Eskiden yalnızca ileri yaş gruplarında rastlanan bir rahatsızlık olarak bilinen uyku apnesi, artık gençler arasında da sıkça görülen bir sorun haline geldi. Stres, hareketsizlik ve dijital bağımlılık gibi çağımızın yaygın problemleri, gençlerde bu rahatsızlığın görülme sıklığını artırıyor. Göğüs Hastalıkları Uzmanı Dr. Burak Erensoy, genç bireylerde uyku apnesinin hızla arttığını belirterek bu sorunun yaşam kalitesini ciddi şekilde düşürdüğüne dikkat çekti.
“Artık 20’li yaşlarda da görüyoruz”
Dr. Erensoy, uyku apnesinin gençlerde yaygınlaşmasının endişe verici bir durum olduğunu ifade ederek, “Eskiden bu rahatsızlık daha çok ileri yaşlarda karşımıza çıkardı, ancak artık 20’li yaşlardaki gençlerde bile ciddi vakalarla karşılaşıyoruz. Bu artış, hareketsiz yaşam tarzı ve uyku düzenini bozan alışkanlıklarla doğrudan bağlantılı. Uyku apnesi gençlerin fiziksel ve zihinsel sağlığını tehdit eden bir sorun haline geldi” sözlerini kaydetti.
“Belirtiler çoğu zaman fark edilmiyor”
Gençlerde uyku apnesinin teşhis edilmesinin zor olduğunu belirten Dr. Erensoy, hastalığın genellikle başka sorunlarla karıştırıldığını söyleyerek, “Uyku apnesi, basit bir horlama sorunu olarak algılanıyor. Ancak geceleri solunumun durması, sabah yorgun uyanma, gün içinde dalgınlık ve konsantrasyon eksikliği gibi belirtiler bu rahatsızlığın habercisi olabilir. Ancak bu belirtiler genellikle sıradan yorgunluk ya da strese bağlanıyor, bu nedenle ihmal ediliyor” ifadelerini kullandı.
“Ekran başında geçirilen süre büyük bir tehlike”
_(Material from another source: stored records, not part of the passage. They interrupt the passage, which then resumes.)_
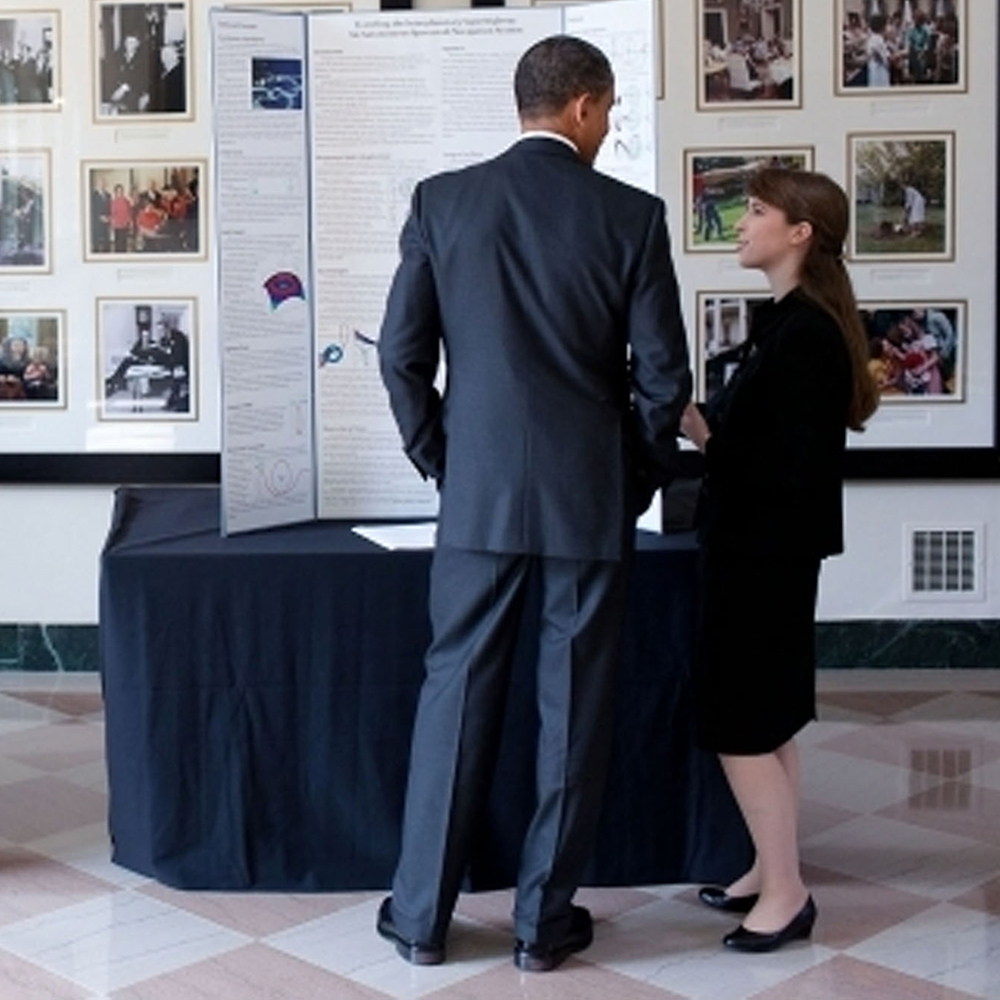 Erika DeBenedictus discusses her research with President Obama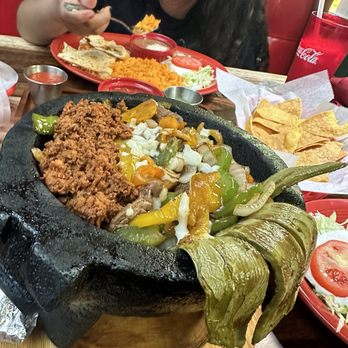El Nopal - Comida molcajete - A large black stone molcajete contains seasoned ground meat, sautéed bell peppers, onions, and melted cheese, placed on a wooden serving board. Surrounding the molcajete are side dishes including rice, tortillas, and chips. In the background, a woman is eating from a red plate with rice, tortillas, and condiments, with a Coca-Cola cup nearby. The setting appears to be a casual Mexican restaurant with vibrant decor. - Mexican Near Me - Dover, Delaware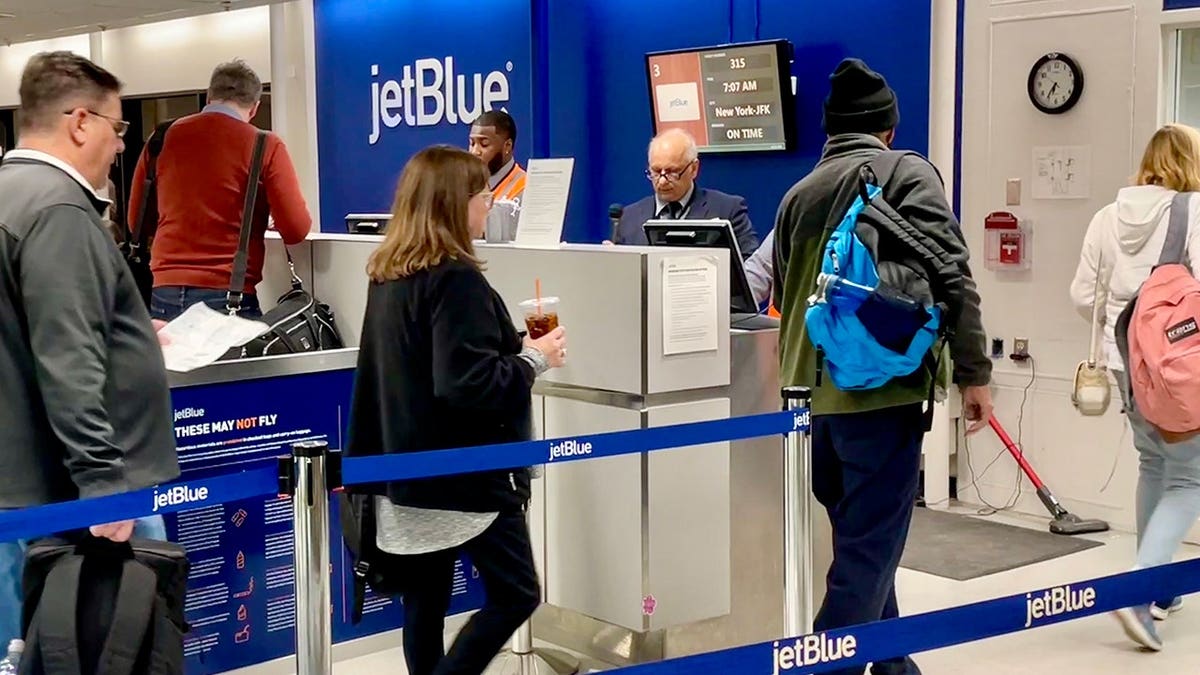 Passengers boarding a JetBlue Airlines flight at JFK International Airport in New York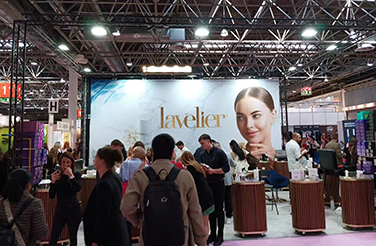 Lavelier Booth At An Exhibition, With Visitors Interacting And Exploring Skincare Products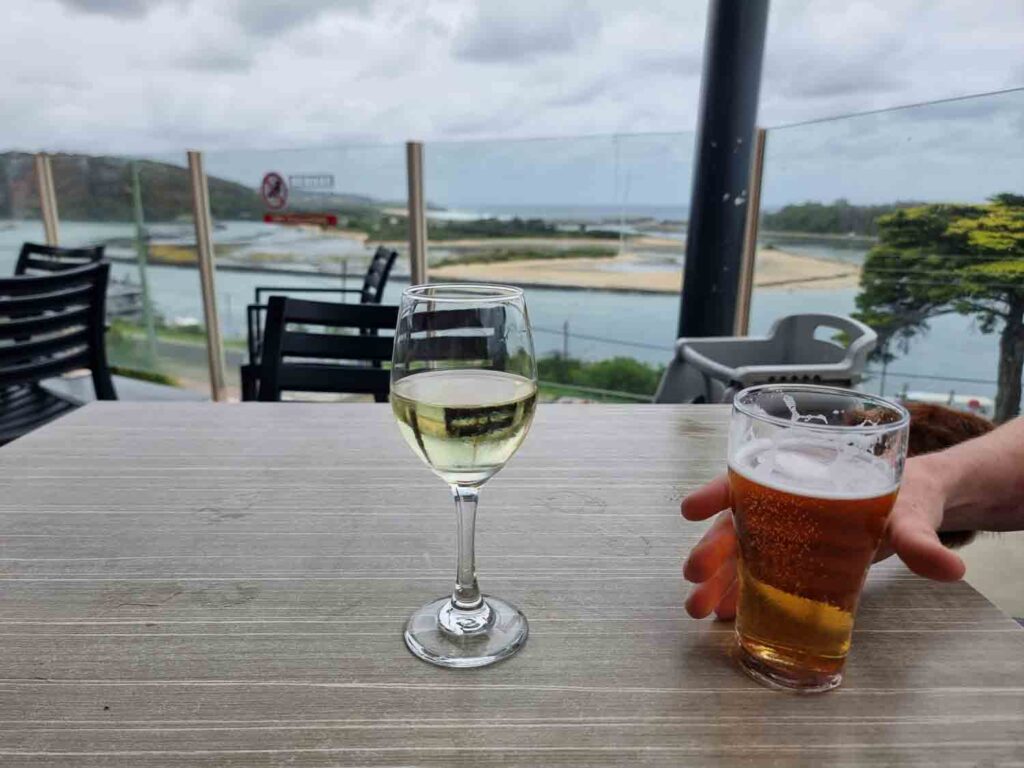 A wine and beer on a table with a view of an inlet through class barricade of deck
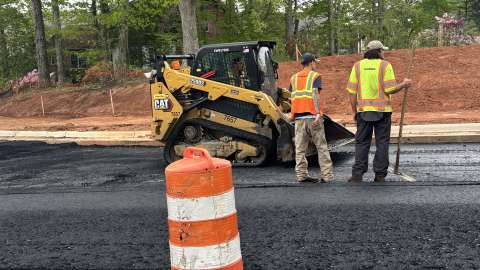 contractors paving road.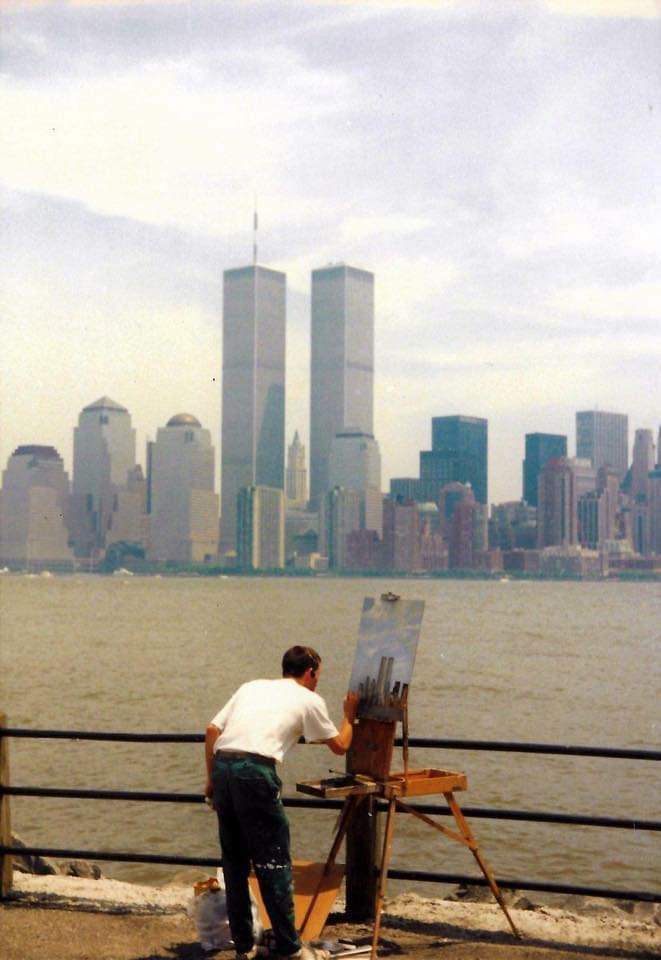 A man photographed while painting the Twin Towers sometime during the 1980s. #September11th #911NeverForget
Teknoloji bağımlılığının gençlerin uyku düzenini nasıl etkilediğine değinen Erensoy, “Gece geç saatlere kadar telefon ya da bilgisayar başında zaman geçirmek, beynin doğal uyku düzenini bozuyor. Bu durum sadece uyku kalitesini düşürmekle kalmıyor, aynı zamanda uyku apnesi gibi ciddi rahatsızlıkların ortaya çıkmasına da neden oluyor. Teknoloji bağımlılığı, gençler için büyük bir tehdit” şeklinde konuştu.
“Erken teşhisle önlem almak mümkün”
Uyku apnesinin tedavi edilebilir bir rahatsızlık olduğunu belirten Erensoy, erken teşhisin hayati önem taşıdığını vurgulayarak, “Bu hastalık, tedavi edilmediği takdirde kalp rahatsızlıkları, hipertansiyon ve depresyon gibi sorunlara yol açabilir. Ancak erken teşhis ve doğru tedavi yöntemleriyle yaşam kalitesini artırmak mümkün. Gençlerde genellikle cerrahi müdahaleye gerek kalmadan, yaşam tarzı değişiklikleri ve uyku düzenine dikkat ederek çözüm sağlanabiliyor” ifadelerini kullandı.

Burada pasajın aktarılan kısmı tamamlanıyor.